Nature (Impact Factor: 42.35). 11/2006; 443(7112):705-8. DOI: 10.1038/nature05123
Source: PubMed

ABSTRACT Feedback inhibition at reciprocal synapses between A17 amacrine cells and rod bipolar cells (RBCs) shapes light-evoked responses in the retina. Glutamate-mediated excitation of A17 cells elicits GABA (gamma-aminobutyric acid)-mediated inhibitory feedback onto RBCs, but the mechanisms that underlie GABA release from the dendrites of A17 cells are unknown.

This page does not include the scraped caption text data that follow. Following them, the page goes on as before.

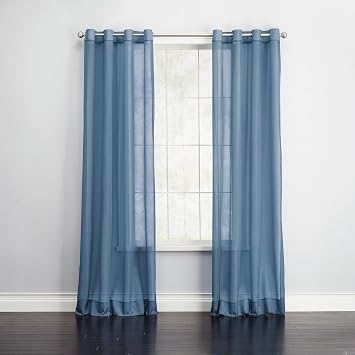 BrylaneHome BH Studio Sheer Voile Grommet Panel - 56" W 63" L, Smoke Blue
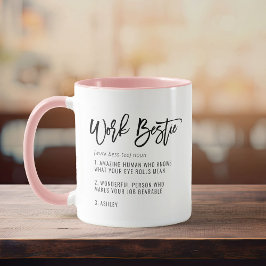 Taza Personalizado Textos Trabajo Bestie Fun CoWorker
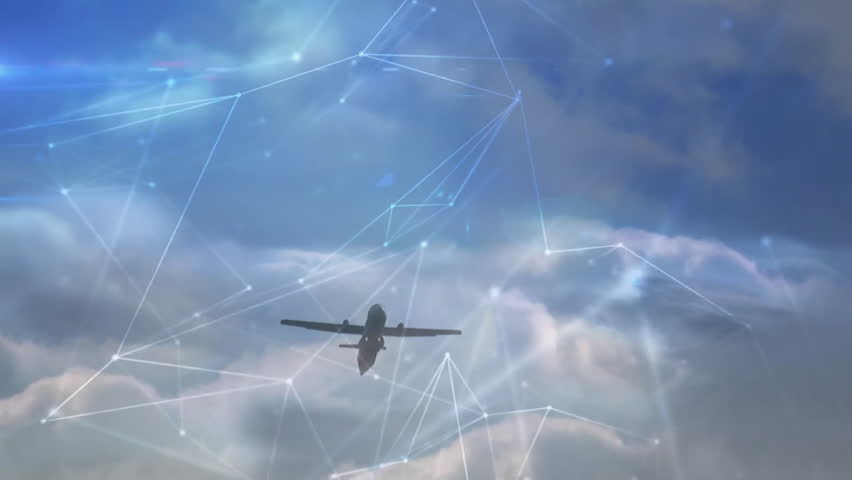Airplane flying through clouds with network connections animation over sky. Aviation, technology, skies, digital, futuristic, communication - Powered by Shutterstock - Get 15% off with code: PIKWIZARD15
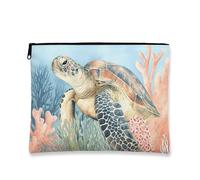 Borsa per il trucco a forma di tartaruga, borsa da viaggio per cosmetici vintage da donna, piccola borsa portatile in tela con cerniera, borsa da toilette estiva per la cura della pelle, Blu, 7x9 Inch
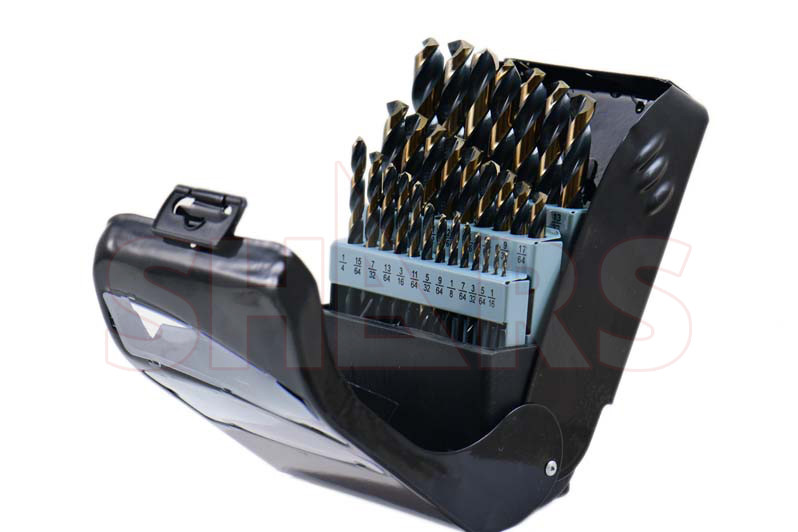 29 Pcs HSS 6542 1/16″ To 1/2″ By 64ths 135° Jobber Drill Set High Speed Steel P}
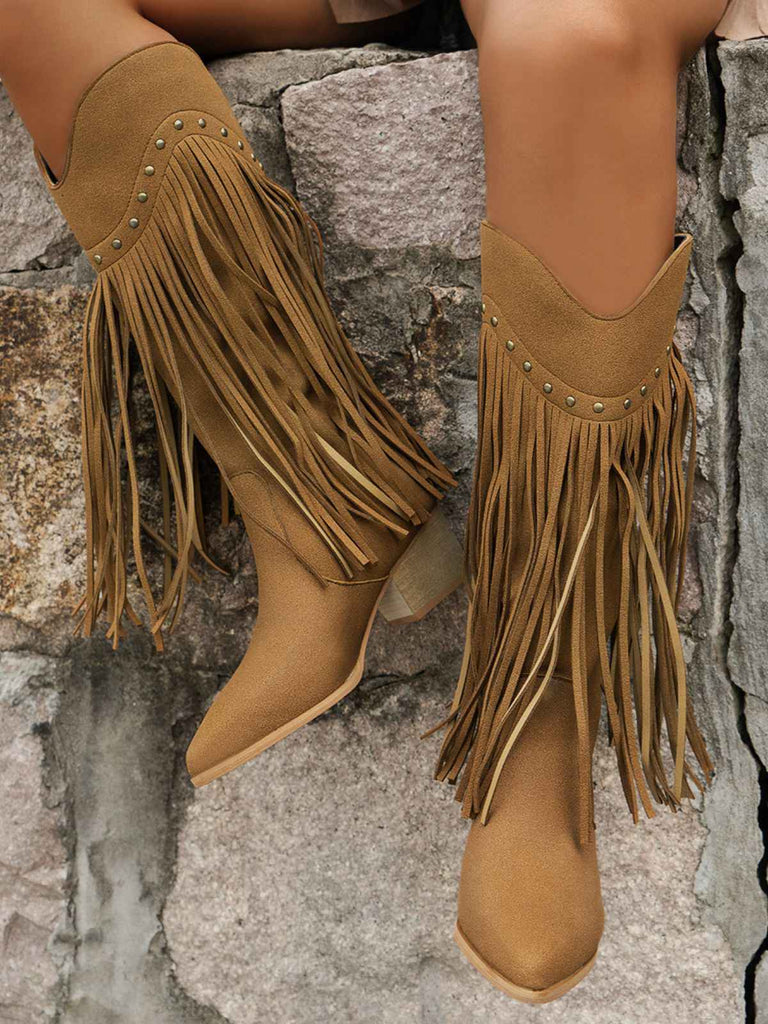Vintage Quaste Klobig Hochhackige Stiefel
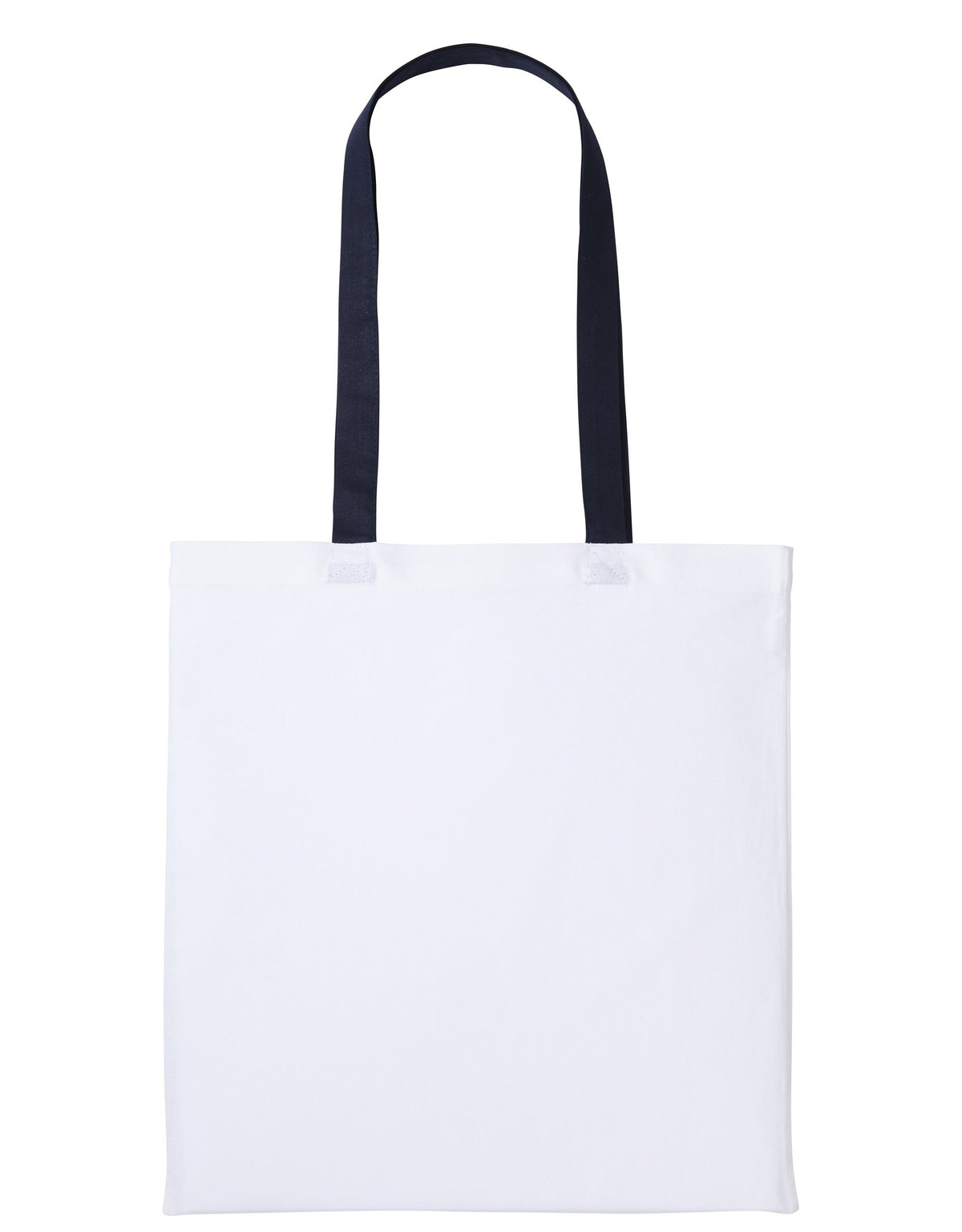 Varsity Cotton Tote Long Handle | WHITE/OXFORD NAVY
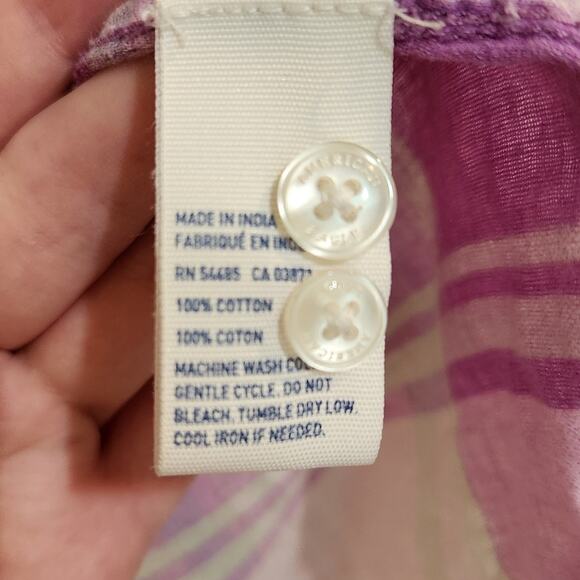 American Eagle Pink Plaid Long Sleeve Pocket Button Up Shirt Casual Top Small - Picture 10 of 11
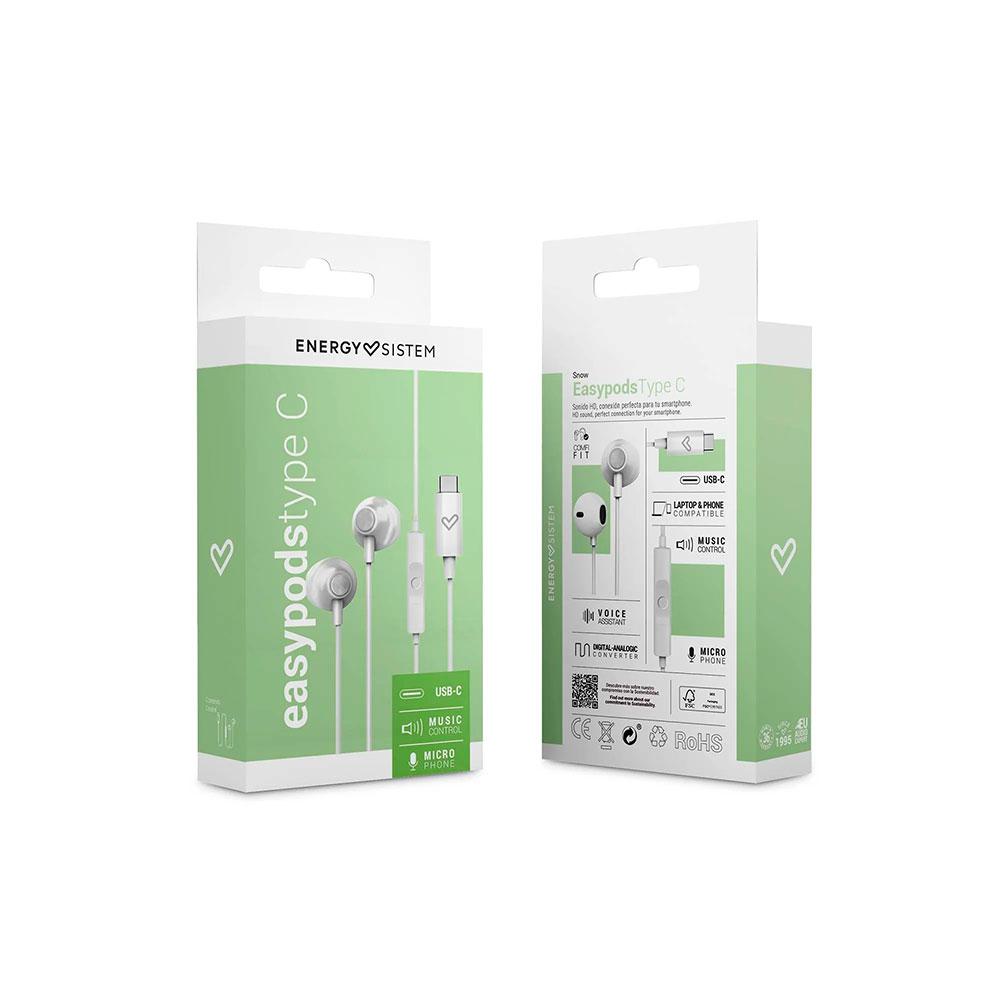 Auriculares Energy Sistem EasyPods / Conector Type-C / Cable 1.2 / Microfono Integrado / Control de Volumen / Blanco / 459278 - Imagen 6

If, as observed at all other synapses studied, voltage-gated calcium channels (VGCCs) couple membrane depolarization to neurotransmitter release, feedforward excitatory postsynaptic potentials could spread through A17 dendrites to elicit 'surround' feedback inhibitory transmission at neighbouring synapses. Here we show, however, that GABA release from A17 cells in the rat retina does not depend on VGCCs or membrane depolarization. Instead, calcium-permeable AMPA (alpha-amino-3-hydroxy-5-methyl-4-isoxazole propionic acid) receptors (AMPARs), activated by glutamate released from RBCs, provide the calcium influx necessary to trigger GABA release from A17 cells. The AMPAR-mediated calcium signal is amplified by calcium-induced calcium release (CICR) from intracellular calcium stores. These results describe a fast synapse that operates independently of VGCCs and membrane depolarization and reveal a previously unknown form of feedback inhibition within a neural circuit.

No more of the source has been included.